#### [Problem details]
Print the listing below exactly, minus its pictures.

Start of Input data

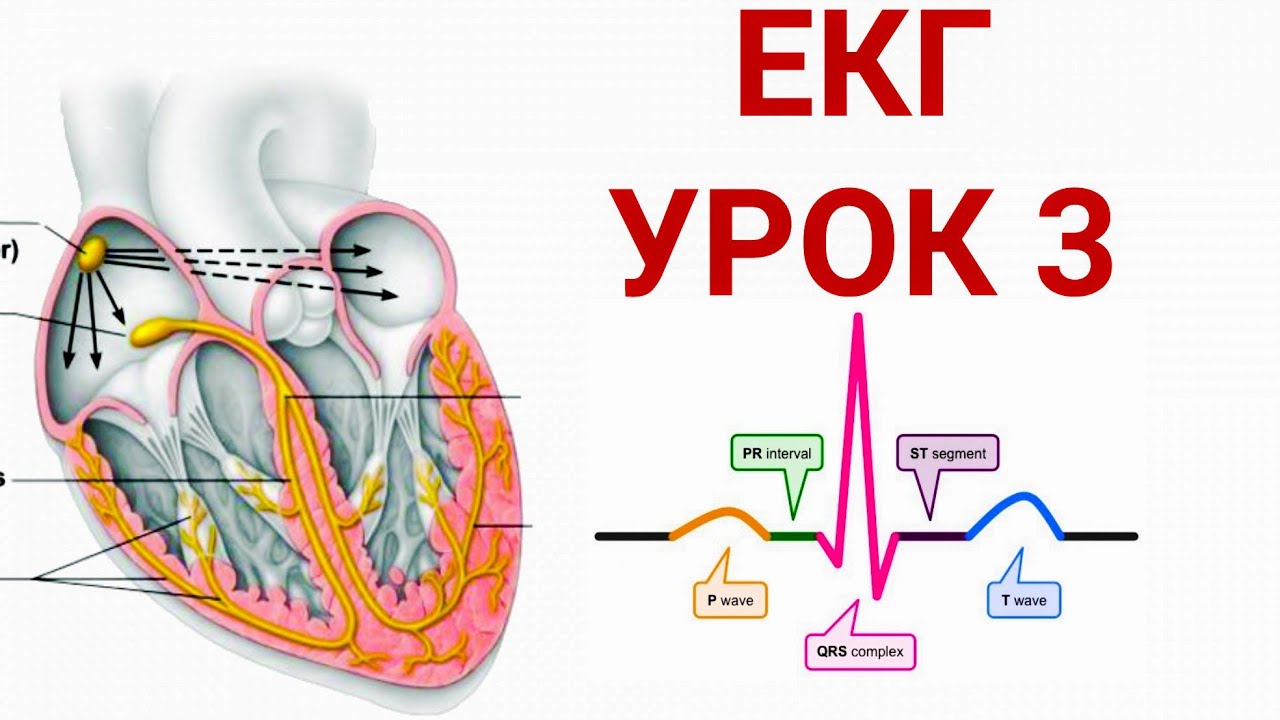 Основи аналізу ЕКГ. Урок 3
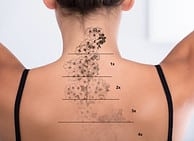 tattoo removal sessions progress photo 6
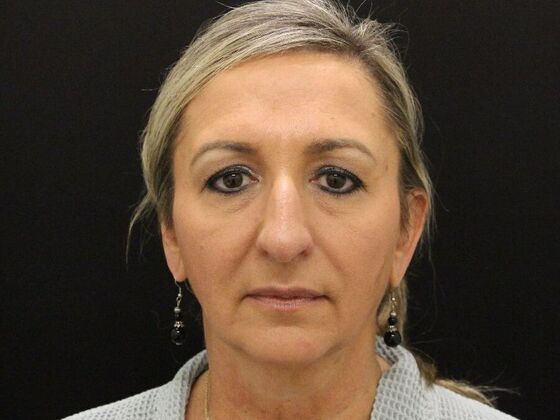 Face & Neck Lifts: Case 28 - Before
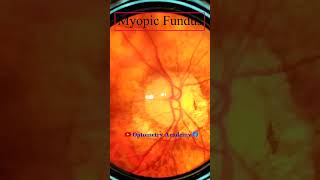 Myopic Fundus  Fundus Photography  Myopic Crescent  Short Video 142 viral optometryacademy [upl. by Bree]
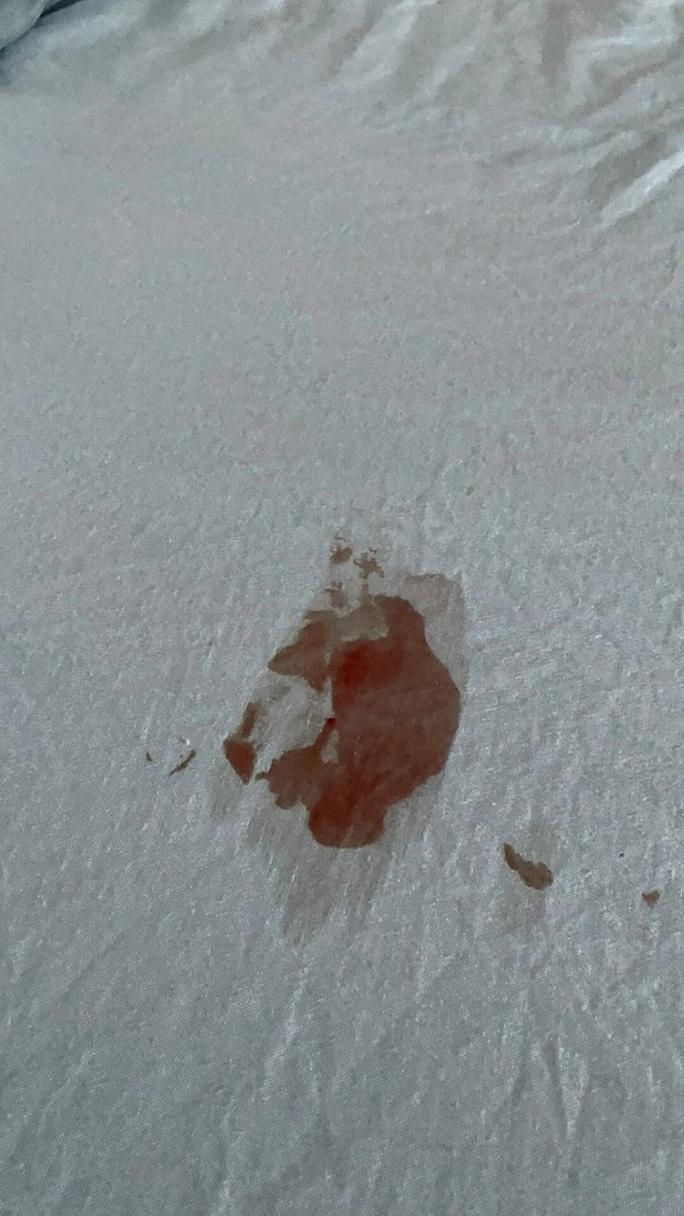 猫咪屁股有血怎么回事,猫咪屁股有血是怎么了-第1张图片-后鲨宠物 猫咪屁股有血怎么回事,猫咪屁股有血是怎么了-第1张图片-后鲨宠物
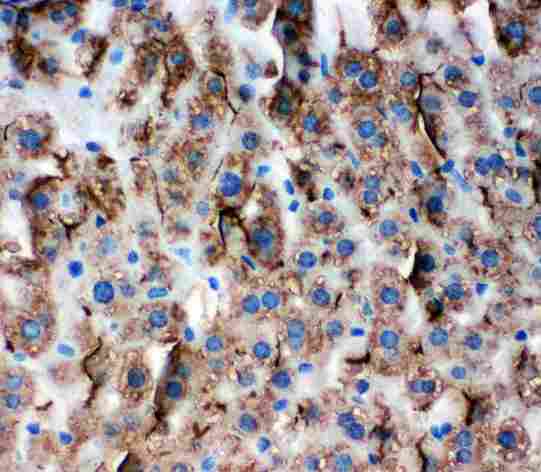 TJP3 / ZO3 Antibody - Anti-Zonula occludens protein 3 antibody, IHC(P): Mouse Liver Tissue
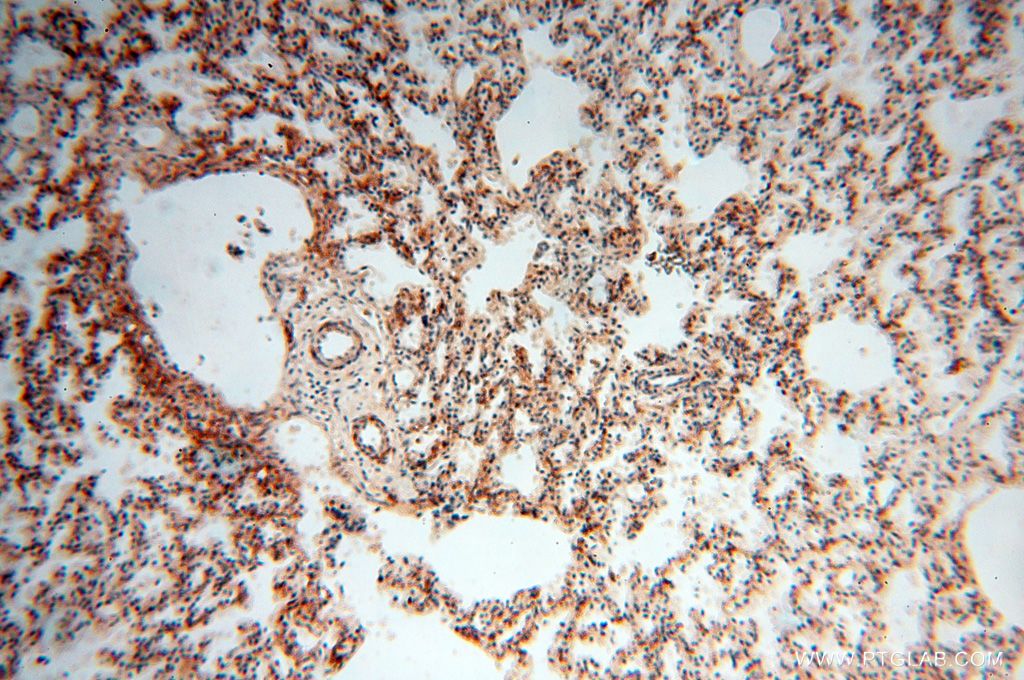 IHC staining of human lung using 17146-1-AP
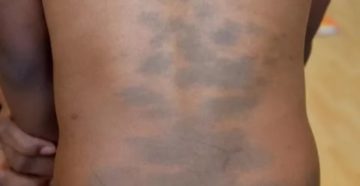 Пятно как синяк на спине с рождения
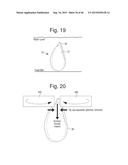 METHODS OF EXTRACTING MONOCOT EMBRYOS diagram and image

End of Input data

#### [Task output]
 Основи аналізу ЕКГ. Урок 3
 tattoo removal sessions progress photo 6
 Face & Neck Lifts: Case 28 - Before
 Myopic Fundus  Fundus Photography  Myopic Crescent  Short Video 142 viral optometryacademy [upl. by Bree]
 猫咪屁股有血怎么回事,猫咪屁股有血是怎么了-第1张图片-后鲨宠物 猫咪屁股有血怎么回事,猫咪屁股有血是怎么了-第1张图片-后鲨宠物
 TJP3 / ZO3 Antibody - Anti-Zonula occludens protein 3 antibody, IHC(P): Mouse Liver Tissue
 IHC staining of human lung using 17146-1-AP
 Пятно как синяк на спине с рождения
 METHODS OF EXTRACTING MONOCOT EMBRYOS diagram and image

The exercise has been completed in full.